Existem ainda duas pequenas referências que fazem com que a
este livro de Américo Rodrigues possa ser visto como uma obra universal: a
primeira demonstra-nos essa validade universal da obra e a segunda dá a
explicação do termo poesia performativa. Em primeiro lugar, Carl-Gustav
Bjurström, tradutor de Lars Gustafsson para a língua francesa, no prefácio à
obra A morte de um apicultor, destaca
uma estratégia discursiva deste escritor sueco a que dá o nome de “trompe
l’oeil”. Este termo, numa tradução muito livre e muito pouco literal, significa
“engano consciente” e consiste na apresentação de elementos que são demasiado
estranhos e acutilantes para não serem falsos. Pois bem, Américo Rodrigues
utiliza, neste livro, esta estratégia de uma forma extremamente bem conseguida
(pág. 16):
Abadia
Na abadia franciscana de Monteveglio
Há um sistema inovador
(…)
Aqui, o “trompe l’oeil”
surge nos versos “eu próprio pedi que
Frei Giovanni della Annunziata/ ali me confessasse.” Estaria o poeta a
tentar redimir-se da imagem ridícula que cola às vetustas catedrais católicas
do poema “Ninho”, que parece estar colocado, de forma estratégica, três páginas
atrás? A estranheza apodera-se de nós no verso referido, mas é resolvido logo
nos versos que o procedem. Depois esclarece por completo a estranheza no poema “Atendimento
automático” que não é mais do que uma brilhante resolução da questão com que o
ser humano religioso se interroga sempre que é atingido por uma desgraça: mas
onde é que estava deus? Desta forma, este “trompe
l’oeil” vem adensar ainda mais a imagem iconoclasta deste sujeito poético,
pois são utilizadas as instituições de toda a ordem como elementos humorísticos
através da ironia e do sarcasmo. Em segundo lugar, e para elucidar a dúvida que
nos acompanha desde o início, pensamos que este livro que Américo Rodrigues nos
apresenta é um excelente exemplo da poesia performativa porque se situa no
centro da viagem entre a poesia sonora e a poesia lírica (iniciada a chegada a
esta poesia mais “literal” a partir da experiência poética que é a obra Cicatriz:ando), contendo em doses bem medidas o
melhor das duas: a forma rítmica e musicada de uma, e o conteúdo simbólico da
outra.
Por fim,
convém salientar um “pequeno pormenor” que tem grande importância para o
conjunto da obra de Américo Rodrigues. Esperava-se que o final do livro fosse
muito corrosivo e de um humor tremendamente sarcástico, visto que por todo o
livro é esse o ingrediente principal. No entanto, e de forma surpreendente, o
poeta oferece-nos uma ponte de escape simbólica para uma poesia de temática
mais intimista.
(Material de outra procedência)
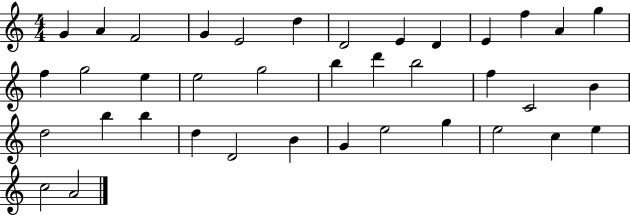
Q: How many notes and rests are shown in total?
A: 38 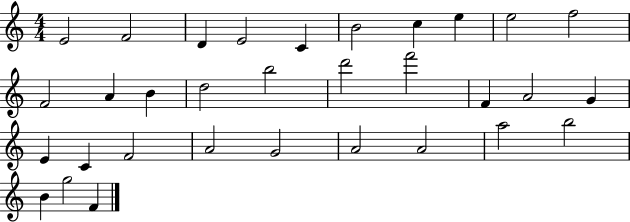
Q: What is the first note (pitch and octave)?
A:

Assim, guarda os poemas “Insónia” (pág. 58) e “Não me acordes”
(pág. 59) para fazer uma transferência de planos entre este acidente poético fatal e a obra
seguinte, que terá como pontos de partida o “sítio húmido/ da noite” e os “interstícios
da pele”, ou seja, a “palavra
essencial” recuperada.
Guarda, 05 de Maio de 2012
Daniel António Neto Rocha
(Versão mais curta In: Revista Praça Velha n.º 31. – Guarda: NAC/ CMG, Junho de 2012. – p. 201 a 205.)